The key to getting there is by replacing oil with renewable energy for transportation. That requires a lot of innovation.
Back in 2019 Elon Musk claimed he had the answers. He didn’t, at least for most of us.
That’s because even Tesla batteries have a problem (beyond catching fire). Their energy density is low, much lower than gasoline. A gas car is lighter than an electric and goes further on a fill-up.
This will change, but it will remain a problem for years.
Batteries capable of running cars are also expensive and heavy. That means auto makers must make trade-offs, between weight, range, and price, to secure the market.
Most haven’t. The company that comes the closest is BYD, a Chinese company, that sells a light, low-range car for the equivalent of $25,000. That’s the industry sweet spot. Sadly, the BYD is too small, and too light, to make it in the American market right now.

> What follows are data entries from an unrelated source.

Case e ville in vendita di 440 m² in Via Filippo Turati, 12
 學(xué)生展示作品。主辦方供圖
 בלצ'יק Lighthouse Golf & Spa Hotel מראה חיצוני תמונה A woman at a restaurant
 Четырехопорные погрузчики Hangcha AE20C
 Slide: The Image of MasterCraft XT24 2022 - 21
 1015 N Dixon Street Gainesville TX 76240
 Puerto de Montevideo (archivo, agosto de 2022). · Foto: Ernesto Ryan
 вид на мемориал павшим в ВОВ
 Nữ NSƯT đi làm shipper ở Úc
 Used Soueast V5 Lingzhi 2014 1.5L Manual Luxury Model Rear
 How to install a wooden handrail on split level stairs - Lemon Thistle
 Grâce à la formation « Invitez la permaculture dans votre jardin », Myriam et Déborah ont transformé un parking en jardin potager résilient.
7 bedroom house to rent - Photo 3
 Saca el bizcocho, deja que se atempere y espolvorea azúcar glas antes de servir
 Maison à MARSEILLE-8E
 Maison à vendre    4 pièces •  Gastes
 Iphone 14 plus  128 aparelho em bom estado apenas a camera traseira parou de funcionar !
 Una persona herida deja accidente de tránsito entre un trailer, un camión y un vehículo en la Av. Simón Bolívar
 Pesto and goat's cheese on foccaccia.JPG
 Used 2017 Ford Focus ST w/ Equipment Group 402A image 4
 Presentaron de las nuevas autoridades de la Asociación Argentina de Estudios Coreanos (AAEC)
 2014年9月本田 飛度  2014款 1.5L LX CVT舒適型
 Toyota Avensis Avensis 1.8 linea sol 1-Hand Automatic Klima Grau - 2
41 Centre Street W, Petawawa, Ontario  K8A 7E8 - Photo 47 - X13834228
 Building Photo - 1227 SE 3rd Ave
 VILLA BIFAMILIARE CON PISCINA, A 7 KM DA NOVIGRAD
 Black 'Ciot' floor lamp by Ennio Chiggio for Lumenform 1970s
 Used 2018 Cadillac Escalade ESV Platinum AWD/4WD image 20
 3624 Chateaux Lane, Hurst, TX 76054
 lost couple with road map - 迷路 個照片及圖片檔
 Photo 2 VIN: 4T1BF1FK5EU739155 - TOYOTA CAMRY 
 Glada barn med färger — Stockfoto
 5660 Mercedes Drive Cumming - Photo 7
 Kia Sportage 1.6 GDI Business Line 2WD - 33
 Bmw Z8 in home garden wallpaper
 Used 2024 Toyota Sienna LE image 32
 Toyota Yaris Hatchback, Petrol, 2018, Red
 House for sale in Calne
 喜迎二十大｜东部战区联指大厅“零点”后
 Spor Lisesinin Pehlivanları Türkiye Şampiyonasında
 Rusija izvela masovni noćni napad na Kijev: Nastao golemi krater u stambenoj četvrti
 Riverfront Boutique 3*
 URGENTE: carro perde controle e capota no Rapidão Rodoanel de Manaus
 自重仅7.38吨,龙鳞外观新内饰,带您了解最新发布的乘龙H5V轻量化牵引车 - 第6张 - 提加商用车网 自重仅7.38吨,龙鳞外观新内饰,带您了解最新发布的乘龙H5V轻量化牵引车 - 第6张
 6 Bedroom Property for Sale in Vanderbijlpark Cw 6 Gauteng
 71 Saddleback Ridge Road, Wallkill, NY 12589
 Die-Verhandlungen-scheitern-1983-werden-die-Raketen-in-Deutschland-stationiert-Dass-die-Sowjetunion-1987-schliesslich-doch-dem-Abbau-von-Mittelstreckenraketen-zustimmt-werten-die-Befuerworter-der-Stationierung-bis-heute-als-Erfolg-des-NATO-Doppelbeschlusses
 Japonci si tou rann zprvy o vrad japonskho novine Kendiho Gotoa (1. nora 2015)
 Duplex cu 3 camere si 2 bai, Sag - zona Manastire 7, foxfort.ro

Tesla got where it has by selling the equivalent of Cadillacs, in the form of sedans and crossovers. The Cybertruck is their first big vehicle. It’s going to be a disaster. It’s too heavy, which means it won’t have a lot of range, and will carry a high price tag. I suggest you sell Tesla stock.
This delivers a great opportunity for other American companies. That was the aim of the Inflation Reduction Act incentives. Build a battery industry here (electric cars are all about the batteries), create incentives for mid-market cars, take the market.
The trouble is Detroit didn’t read the Act. They’re acting like it’s still 2019. Detroit’s electrics, the Ford Lightning and Chevy Silverado, are huge. The only mid-market care in their line-up, the Bolt, was killed. Which means low range or (if you insist on range) high prices. Not to mention tons of weight, which destroys roads.
There is a way to avoid the tradeoffs over the next 3 years. Hybrids. I have a hybrid, a Toyota Corolla, which gets over 500 miles on a 10-gallon gas tank. But it’s still a gas-first hybrid. The engine and the battery both feed the drivetrain. There’s no plug in it.
The right answer is a plug-in hybrid. You have a motor, but that exists to feed the battery, which you can also feed from a plug in your house. The Li Auto Li 9 only gets 130 miles in a charge, but with the gasoline back-up you can travel 800 miles without a fill-up. It’s a roomy 5-seat SUV with all a Tesla’s bells and whistles. You plug it in at home, just as with an e-bike, and you’re good for the day’s chores. You’ll only get gas when you go out of town.
Li is taking market share from Tesla in China, the most sophisticated EV market on the planet. Toyota is moving in this direction, and that direction is a winner. Lighter batteries, storing more energy, will evolve to eliminate the gas engine, but for now hybrid is the way to go. No range anxiety, all the bells and whistles you expect, relatively low weight, and affordable.